Vol.07 No.03(2017), Article ID:79371,13 pages

10.4236/ojfd.2017.73027

Simulation of Heat Transfer in a Tubular Pipe Using Different Twisted Tape Inserts

Md. Moniruzzaman Bhuyan^{1}, Ujjwal K. Deb^{2*}, M. Shahriar^{3}, Simul Acherjee^{4}^{ }

^{1}Department Electrical & Electronics Engineering, Southern University Bangladesh, Chittagong, Bangladesh

^{2}Department of Mathematics, Chittagong University of Engineering & Technology, Chittagong, Bangladesh

^{3}Department of Mechanical Engineering, Chittagong University of Engineering & Technology, Chittagong, Bangladesh

^{4}Department of Mathematics, Narangiri Govt. High School, Chittagong, Bangladesh

Copyright © 2017 by authors and Scientific Research Publishing Inc.

This work is licensed under the Creative Commons Attribution International License (CC BY 4.0).

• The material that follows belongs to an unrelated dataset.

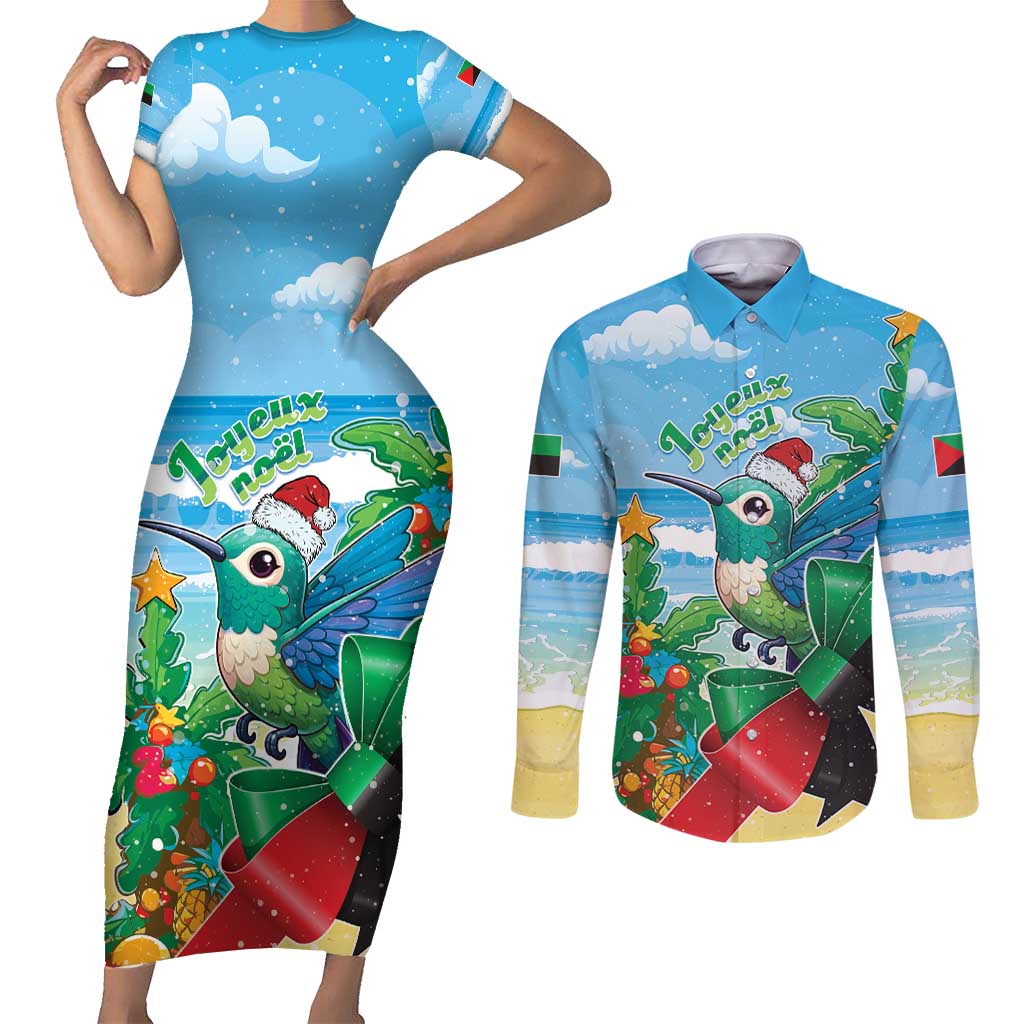 Martinique Christmas Couples Matching Short Sleeve Bodycon Dress and Long Sleeve Button Shirt Santa Hummingbird - Wonder Print Shop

http://creativecommons.org/licenses/by/4.0/

Received: August 7, 2017; Accepted: September 25, 2017; Published: September 28, 2017

ABSTRACT

This paper performs a simulation study of the heat transfer phenomena in a tubular U-loop pipe. We have investigated the enhancement of heat transfer with mass flow in a pipe without insert, with full length and short length twisted tape inserts. The length of the pipe is approximately 2436.80 mm long with 29 mm inner and 33 mm outer diameter respectively. A constant heat flux is taken which generated the boundary layer of the pipe close to the flowing fluid around the boundary. The simulations are considered for the stationary and the time dependent module for 35 seconds with different length of inserts. The comparisons are made among the results. We observed that the transfer of heat is enhanced significantly with the increase of the length of inserts inside the computational domain. We also found that, full length twisted tape inserts are more effective than comparing with the short length inserts and without insert.

**Keywords:**

Heat Transfer, Non-Isothermal Flow, Tubular Pipe, Twisted Tape Inserts, Simulation

1. Introduction

The enhancement of heat transfer is the method of developing the performance of heat transfer device. There exist two methods to improve the enhancement of heat transfer. One is active method and another is passive. Both of them are used for augmentation of laminar flow heat transfer [1] [2] . Till now, large number of attempts has been made to reduce the size and costs of the heat exchangers. The heat transfer augmentation techniques play a vital role for laminar flow since the heat transfer coefficient is normally low in plain tubes [3] [4] . The swirl flow devices form an important group of passive augmentation methods where twisted tape is one of the most important members of this group [5] . Pipes with twisted tape inserts have been widely used in heat transfer technology to the heat exchanger applications such as air-conditioning, refrigeration, automobiles, petrochemical industries, solar water heaters, shell and tube heat exchangers, chemical reactors power plant, process industries etc.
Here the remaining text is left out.